|Department of Public Information • News and Media Division • New York|
We Are on Cusp of History; Future Begins Today in Copenhagen, Secretary-General
Says in Opening Remarks to High-level Segment of Climate Change Conference
Following are UN Secretary-General Ban Ki-moon’s opening remarks at the United Nations Framework Convention on Climate Change COP15 High-Level Segment in Copenhagen today, 15 December:
Before we begin, let us pause to reflect on how far we have come to this defining moment in history. Many said this day would never come. For years, sceptics called climate change a myth. The science has proved them wrong.
Two years ago, they wrote off our efforts to launch a new climate negotiation. And yet, in Bali, we gave them a road map to Copenhagen. As recently as a month ago, they again cast doubts. “Copenhagen will fail,” they said. The road is too hard, the difficulties too large.
We are here today to write a different future. More than 130 Heads of State and Government have confirmed their presence in Copenhagen –- that is a clear proof that climate change has risen to the top of the international agenda. Every day brings new commitments to our cause –- from industrialized countries, emerging economies and developing countries alike.
We know what we must do. We know what the world expects. Our job, here and now, is to seal a deal … a deal in our common interest. A deal that reduces greenhouse gas emissions …. that protects the most vulnerable … that ushers in a new era of clean development and green growth for all.
Now is the time. For three years I have sought to bring world leaders to the table to solve climate change. Now they are coming. Three years of effort have come down to three days of negotiations and three days of action.
From my first day in office, I have spoken out about climate change. It is the defining challenge of our era. No issue is more fundamental to the global challenges we face –- reducing poverty … maintaining economic growth … ensuring peace and stability.
The evidence assaults us: melting ice caps, advancing deserts, rising sea levels. We have a chance … a real chance … here and now … to change the course of our history. The momentum is there. We see it from all sectors of our society. Business people … civic leaders … religious leaders … and young people.
Two months ago, I convened a summit meeting on climate change at the General Assembly in New York. Many of you were there. You will remember the young people, from around the world, reaching out to us at the time. “Show us change,” they asked. “Show us leadership.”
We are here today to seal a deal on climate change. To forge an agreement that all nations can embrace. An agreement that is fair … ambitious … and comprehensive. That acknowledges the demands of science … that involves all countries working to limit global temperature rise to within 2° C … that charts a path for green growth and strengthens our ability to adapt to inevitable climate changes.
We all know what this means: First, more ambitious midterm mitigation targets from industrialized countries. Second, more action by developing countries to limit emissions growth below “business as usual”. Third, an adaptation framework for all countries. Fourth, financing and technology support. Fifth, transparent and equitable governance that gives all countries a voice.

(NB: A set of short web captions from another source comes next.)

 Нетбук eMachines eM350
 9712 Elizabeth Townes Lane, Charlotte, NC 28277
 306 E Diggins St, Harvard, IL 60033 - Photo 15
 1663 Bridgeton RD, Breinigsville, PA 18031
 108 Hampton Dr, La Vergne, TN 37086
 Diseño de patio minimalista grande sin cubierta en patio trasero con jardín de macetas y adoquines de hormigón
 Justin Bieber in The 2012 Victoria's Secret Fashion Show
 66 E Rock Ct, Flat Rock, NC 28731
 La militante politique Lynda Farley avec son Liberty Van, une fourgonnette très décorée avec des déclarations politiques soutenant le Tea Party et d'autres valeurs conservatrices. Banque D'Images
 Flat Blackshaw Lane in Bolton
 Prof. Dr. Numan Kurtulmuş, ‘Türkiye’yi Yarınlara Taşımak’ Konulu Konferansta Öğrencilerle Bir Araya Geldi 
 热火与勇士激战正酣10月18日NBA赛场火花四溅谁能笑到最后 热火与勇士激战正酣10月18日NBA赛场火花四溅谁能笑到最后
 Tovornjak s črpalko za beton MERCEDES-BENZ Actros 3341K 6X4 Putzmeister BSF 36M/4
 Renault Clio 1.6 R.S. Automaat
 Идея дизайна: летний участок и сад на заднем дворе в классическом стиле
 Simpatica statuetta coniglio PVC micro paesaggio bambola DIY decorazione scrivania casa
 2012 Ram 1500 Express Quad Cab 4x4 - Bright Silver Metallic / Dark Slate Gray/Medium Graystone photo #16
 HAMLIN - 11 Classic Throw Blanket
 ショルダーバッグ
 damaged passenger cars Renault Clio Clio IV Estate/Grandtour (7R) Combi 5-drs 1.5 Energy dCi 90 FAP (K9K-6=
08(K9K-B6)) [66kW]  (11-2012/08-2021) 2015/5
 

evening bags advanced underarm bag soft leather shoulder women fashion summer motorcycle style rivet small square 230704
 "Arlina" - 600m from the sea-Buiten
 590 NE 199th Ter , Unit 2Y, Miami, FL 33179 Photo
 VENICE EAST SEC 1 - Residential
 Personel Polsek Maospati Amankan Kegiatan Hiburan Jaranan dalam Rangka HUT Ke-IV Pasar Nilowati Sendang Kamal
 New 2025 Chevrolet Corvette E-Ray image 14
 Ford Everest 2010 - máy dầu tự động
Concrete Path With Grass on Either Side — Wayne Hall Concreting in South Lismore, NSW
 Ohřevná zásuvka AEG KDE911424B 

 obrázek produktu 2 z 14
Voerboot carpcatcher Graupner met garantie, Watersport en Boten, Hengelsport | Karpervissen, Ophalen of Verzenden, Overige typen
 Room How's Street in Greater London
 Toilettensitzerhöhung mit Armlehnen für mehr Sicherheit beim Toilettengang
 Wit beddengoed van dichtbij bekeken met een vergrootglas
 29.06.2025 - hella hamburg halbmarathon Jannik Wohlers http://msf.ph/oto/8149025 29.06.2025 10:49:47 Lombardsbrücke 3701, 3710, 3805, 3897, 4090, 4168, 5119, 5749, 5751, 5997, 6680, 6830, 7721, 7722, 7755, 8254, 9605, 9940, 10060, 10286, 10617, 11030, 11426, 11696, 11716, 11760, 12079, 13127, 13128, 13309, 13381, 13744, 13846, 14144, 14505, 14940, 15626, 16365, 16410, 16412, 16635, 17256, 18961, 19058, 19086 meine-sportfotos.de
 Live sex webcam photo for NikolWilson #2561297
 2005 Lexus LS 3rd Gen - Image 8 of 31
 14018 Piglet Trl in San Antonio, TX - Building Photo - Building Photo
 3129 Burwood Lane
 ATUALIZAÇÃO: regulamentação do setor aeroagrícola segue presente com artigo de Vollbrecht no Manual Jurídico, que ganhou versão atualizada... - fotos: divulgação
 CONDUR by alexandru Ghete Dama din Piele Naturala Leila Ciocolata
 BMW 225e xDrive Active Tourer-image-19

Financing will be the key, particularly in helping the poorest countries. That is why we can welcome the emerging consensus among developed countries to provide approximately $10 billion dollars annually for the next three years to the Copenhagen Launch Fund. With this money, we can deliver real results … strengthen climate resilience … limit deforestation … “jump-start” low emissions growth.
But a fast start is just that, a start. $10 billion annually will not solve all our problems. Here in Copenhagen we must also address medium- and long-term financing scaled up to needs. We cannot leave here without an understanding of how we will proceed on this vital question.
As I say, we have come a long, long way. Let us not falter in the home-stretch. Our goal is to lay the foundation for a legally binding climate treaty as early as possible in 2010. We do not have another year to deliberate. Nature does not negotiate with us.
I understand that every leader coming to Copenhagen faces domestic pressures and domestic politics. I also know that the legitimate concerns of the most vulnerable remain. Ambition levels are not sufficient. But every citizen’s well-being is at stake if we do not muster a truly global response. Now.
The time for maximalist negotiating positions is over. The time for unreasonable demands and pressure on your negotiating partners is over. The time for consensus has arrived. No one will get everything they want in this negotiation. But if we work together and get a deal, everyone will get what they need.
The stronger the agreement here in Copenhagen, the sooner it can be transformed into a legally binding treaty. Until we get such an agreement, the Kyoto Protocol remains the only legally binding instrument that captures reduction commitments. As such it must be maintained.
These talks in Copenhagen are among the most complex and ambitious ever to be undertaken by the world community. In sheer sweep and consequence, they are as momentous as the negotiations that created our great United Nations -- and built our modern era -- from the ashes of war more than sixty years ago.
Once again we are on the cusp of history. Once again we are present at the opening of a new era. Our future begins today. Here in Copenhagen.
Thank you very much for your commitment.